An inventor's notebook is used by inventors, scientists and engineers to record their ideas, invention process, experimental tests and results and observations. It is not a legal document but is valuable, if properly organized and maintained, since it can help establish dates of conception and reduction to practice. The information can improve the outcome of a patent or a patent contestation.

Contents

Purpose

A patent grants its owner(s) the right to sue those who manufacture and market products or services that infringe on the claims declared in the patent. Typically, governments award patents on either a first to file or first to invent basis. The latter is currently true for the United States. Therefore, it is important to keep and maintain records that help establish who is first to invent a particular invention.

The inventor's notebook (also called a journal, lab book or log book) is a systematic device for recording all information related to an invention in such a way that it can be used to develop a case during a patent contestation or patent-related lawsuit.

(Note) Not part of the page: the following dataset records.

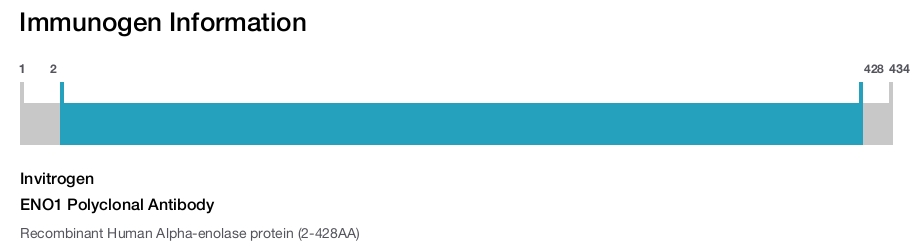 ENO1 Polyclonal Antibody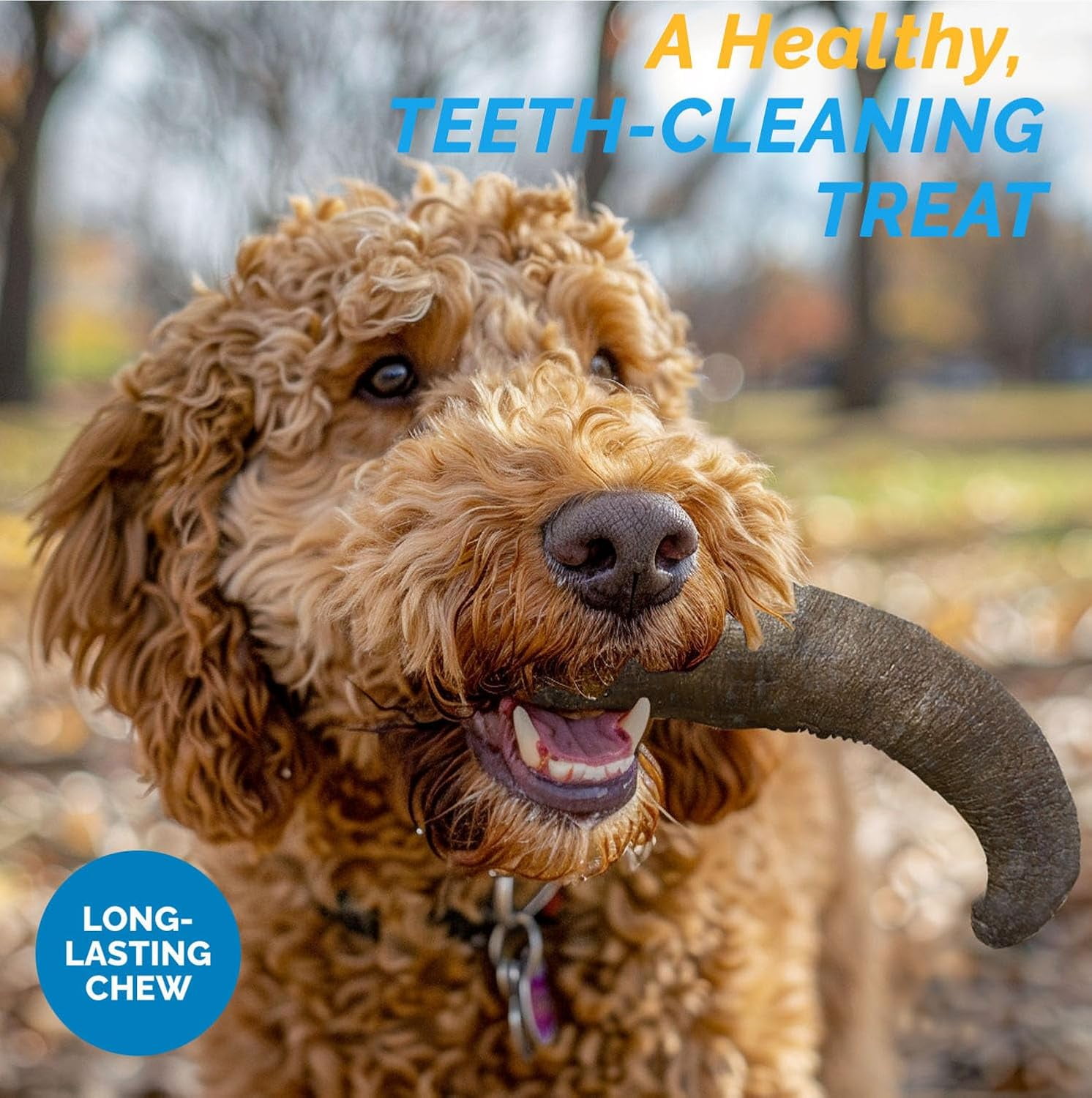 Buffalo Horns for Dogs – Small (3 Count), Long Lasting Chew Dog Treats, 100% Natural Horn for Aggressive Chewers, Rich in Protein & Low in Fat | Promotes Dental Health (5-7 Inches)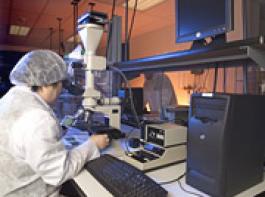 Beim Erreger handelt es sich um eine unbekannte Mutation des H1N1-Virus.&copy; Christian Delbert/Fotolia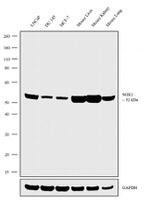 SGK1 Antibody in Western Blot (WB)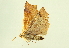  ( - BIOUG00719-H02)  @11 [ ] CreativeCommons - Attribution (2011) CBG Photography Group Centre for Biodiversity Genomics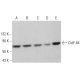 CstF-64 Antibody (E-9) - Western Blotting - Image 376515 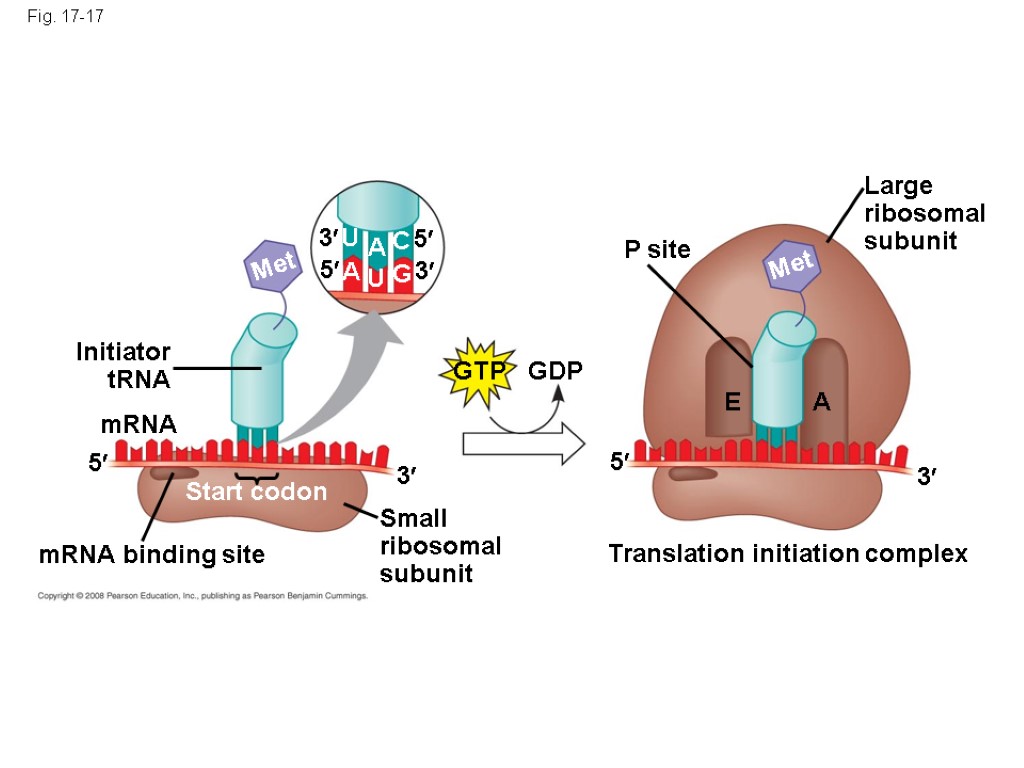 Chapter 17 From Gene to Protein. Overview: The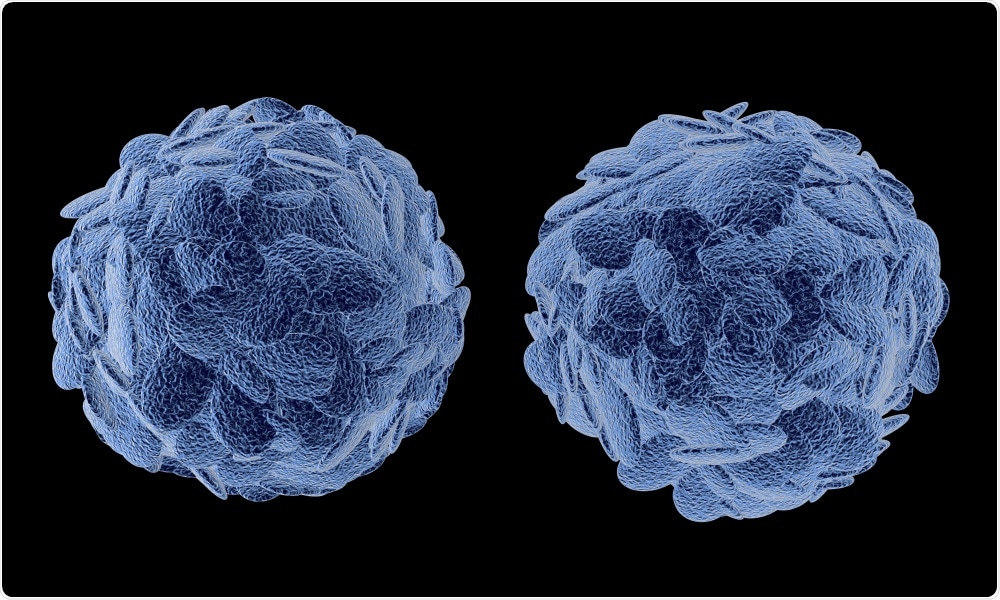 Treg Cells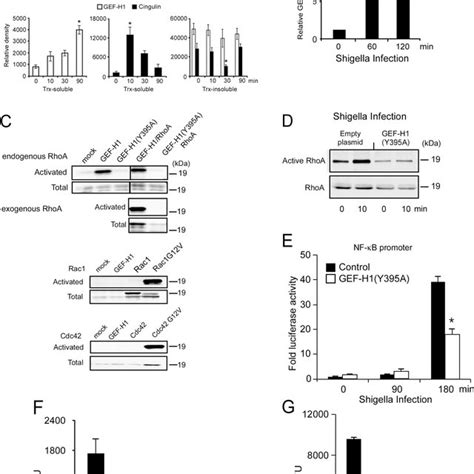 GEF H1 and NOD1 are required for NF κB activation by muropeptides and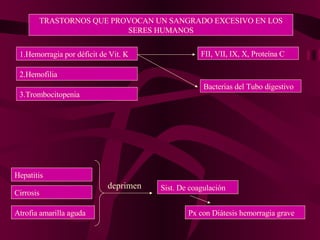 TRASTORNOS QUE PROVOCAN UN SANGRADO EXCESIVO EN LOS SERES HUMANOS 1.Hemorragia por déficit de Vit. K 2.Hemofilia  3.Trombocitopenia FII, VII, IX, X, Proteína C Bacterias del Tubo digestivo Hepatitis Cirrosis Atrofia amarilla aguda deprimen Sist. De coagulación Px con Diátesis hemorragia grave 
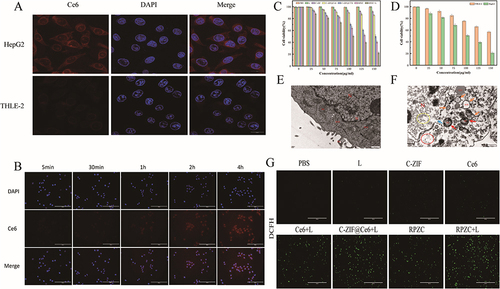 Figure 3 (A) Targeted analysis of RZCP to HepG2 cell (Scale bar: 20 μm). (B) Fluorescence Microscope images of released Ce6 at different time that incubated with RZCP (100 μg/mL, Scale bar: 200 μm). (C) Cell viability of HepG2 cells that incubated with different concentration with different treatment (incubate for 24 hours). (D) Relative viabilities of HepG2 and THLE-2 cells treated with RPZC NPs +660nm Laser at different concentration. (E and F) TEM images demonstrating intracellular uptake after incubation with PBS and RPZC NPs+660nm Laser (Scale bar:500nm). (G) Fluorescence Microscope images of ROS generation that HepG2 cells incubated with different material (C-ZIF, Ce6, RPZC NPs) with or without laser (Scale bar: 400 μm). (C and D created using Origin 2021 software).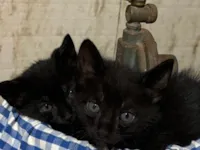 Gato raça SRD-ViraLata idade Abaixo de 2 meses nome gatinho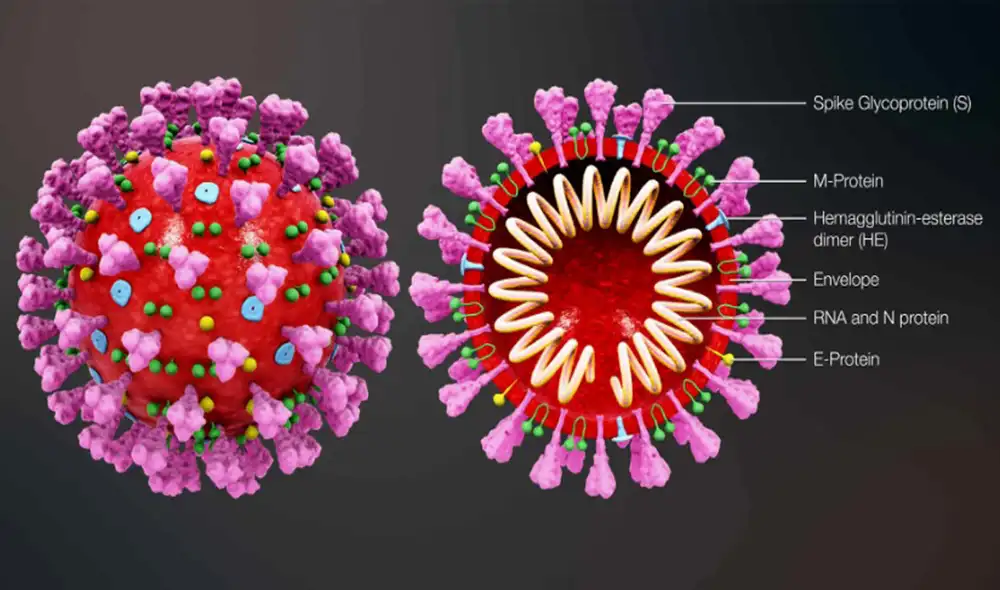 Coronavirus. Animación 3D que muestra una partícula viral que contiene un ácido ribonucleico helicoidal interno (ARN) | Foto: Scientific Animation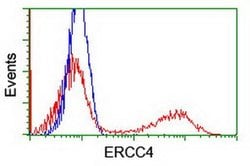 XPF Monoclonal Antibody (OTI2A1), TrueMAB , OriGene 100 &mu;L; Unconjugated:Antibodies,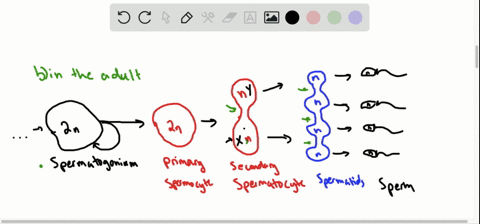 spermatogenesis-and-oogenesis-differ-in-that-a-spermatogenesis-produces-gametes-with-greater-store-2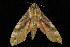  ( - DNA-ATBI-0085)  @13 [ ] CreativeCommons - Attribution (2010) Unspecified Centre for Biodiversity Genomics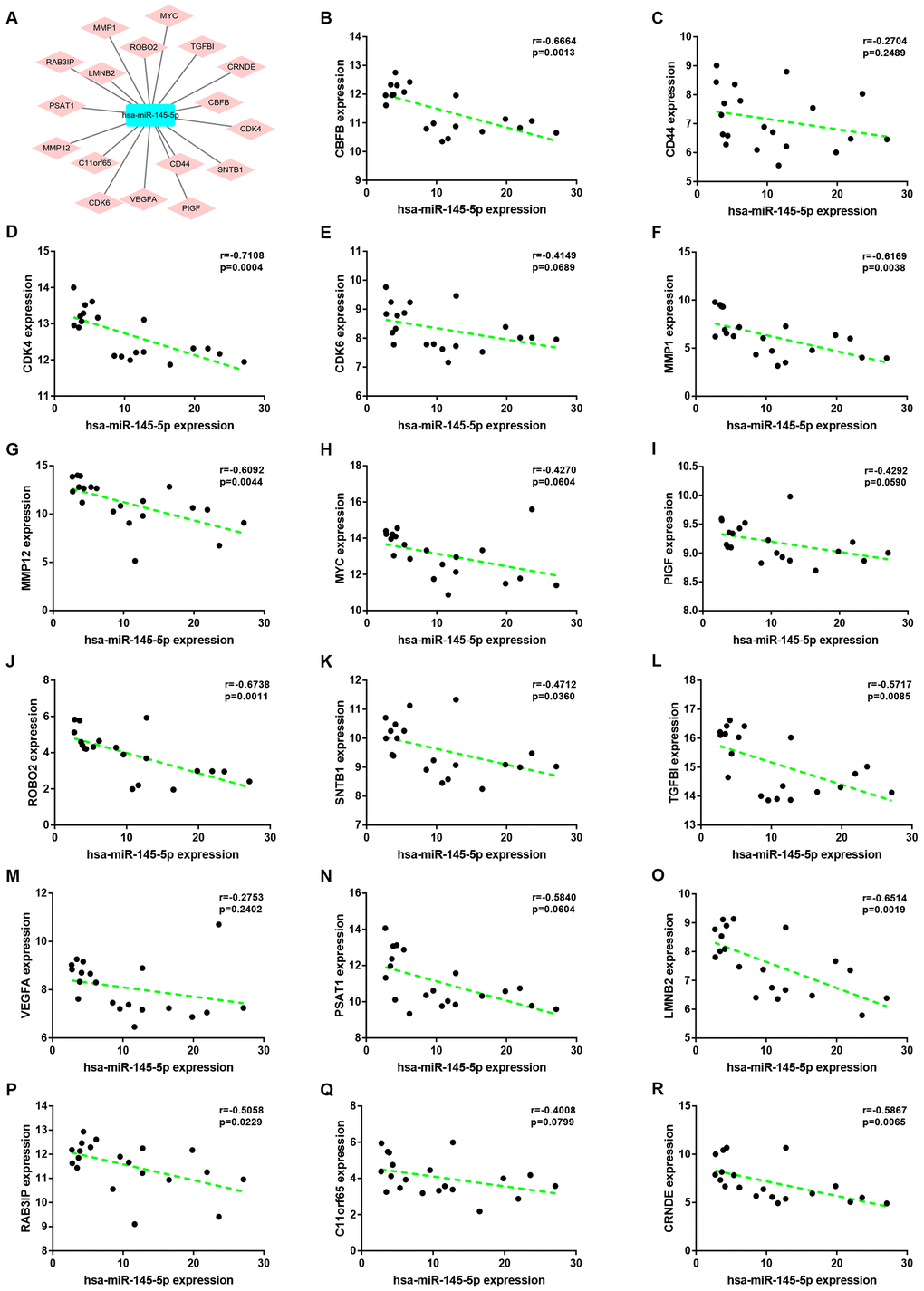 Correlation analysis for potential hsa-miR-145-5p-target gene pairs in colorectal cancer. (A) The visual hsa-miR-145-5p-target gene network. (B) The expression correlation of hsa-miR-145-5p with CBFB in colorectal cancer. (C) The expression correlation of hsa-miR-145-5p with CD44 in colorectal cancer. (D) The expression correlation of hsa-miR-145-5p with CDK4 in colorectal cancer. (E) The expression correlation of hsa-miR-145-5p with CDK6 in colorectal cancer. (F) The expression correlation of hsa-miR-145-5p with MMP1 in colorectal cancer. (G) The expression correlation of hsa-miR-145-5p with MMP12 in colorectal cancer. (H) The expression correlation of hsa-miR-145-5p with MYC in colorectal cancer. (I) The expression correlation of hsa-miR-145-5p with PIGF in colorectal cancer. (J) The expression correlation of hsa-miR-145-5p with ROBO2 in colorectal cancer. (K) The expression correlation of hsa-miR-145-5p with SNTB1 in colorectal cancer. (L) The expression correlation of hsa-miR-145-5p with TGFBI in colorectal cancer. (M) The expression correlation of hsa-miR-145-5p with VEGFA in colorectal cancer. (N) The expression correlation of hsa-miR-145-5p with PSAT1 in colorectal cancer. (O) The expression correlation of hsa-miR-145-5p with LMNB2 in colorectal cancer. (P) The expression correlation of hsa-miR-145-5p with RAB3IP in colorectal cancer. (Q) The expression correlation of hsa-miR-145-5p with C11orf65 in colorectal cancer. (R) The expression correlation of hsa-miR-145-5p with CRNDE in colorectal cancer. P-value 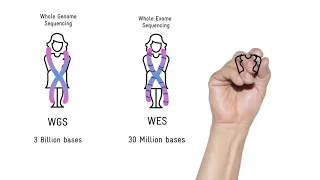 Whole genome, Exome or targetted sequencing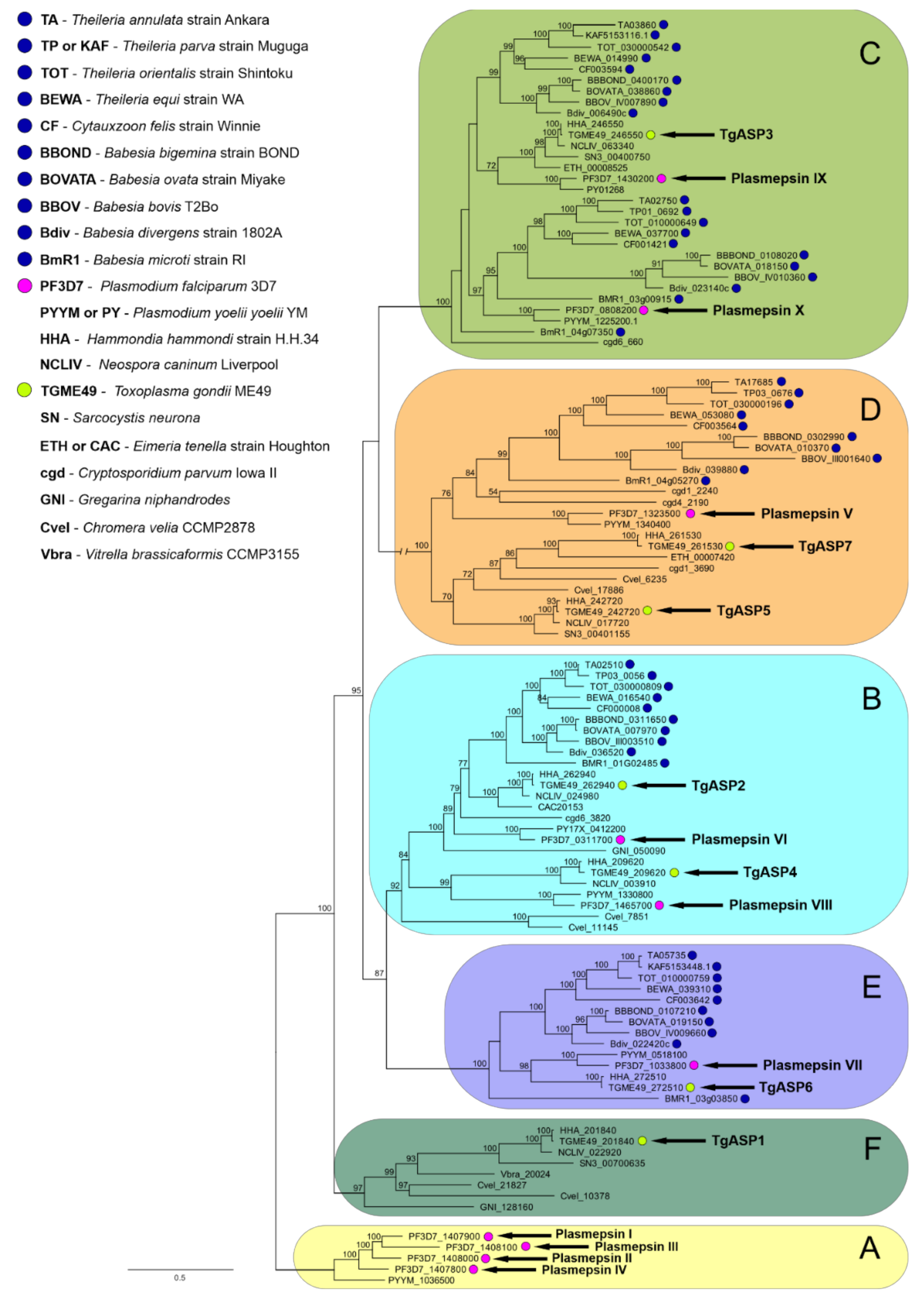 Pathogens 10 01241 g002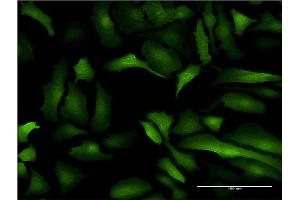 Immunofluorescence (IF) image for anti-S100 Calcium Binding Protein A10 (S100A10) (AA 1-97) antibody (ABIN519970)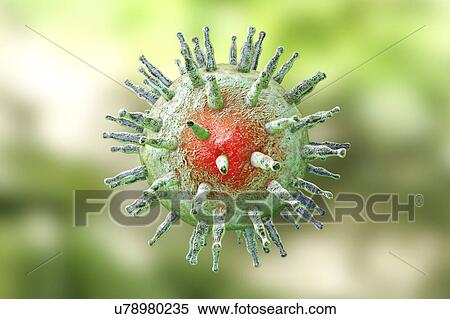 Stock Photography - Epstein-Barr virus destruction, illustration. Fotosearch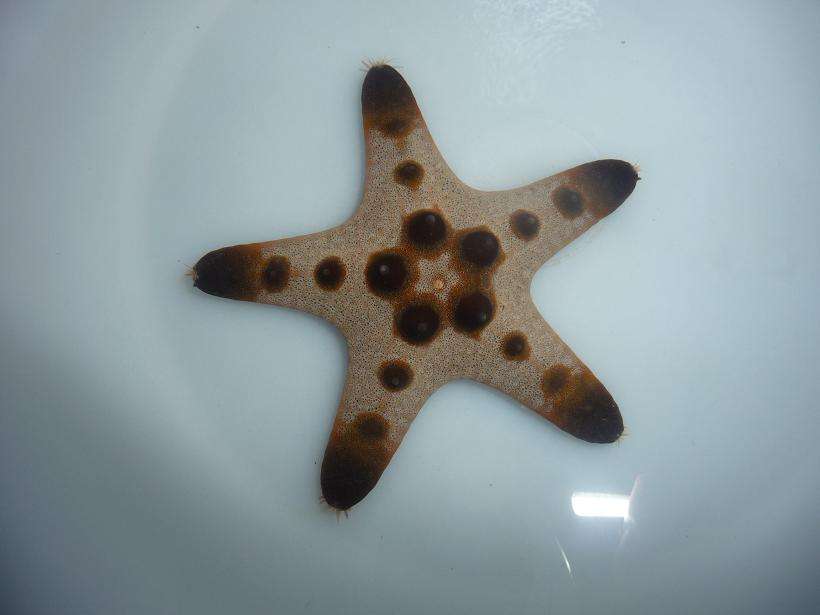 Tumor starfish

The notebook is also a valuable tool for the inventor since it provides a chronological record of an invention and its reduction to practice. Each entry must be signed and dated by a witness. The witness should not be someone with a conflict of interest (such as a research partner). If an inventor ever has to go to court to prove he or she was the first to invent, then the witness would be called to the stand to testify that the signature is theirs and they signed that page on that date.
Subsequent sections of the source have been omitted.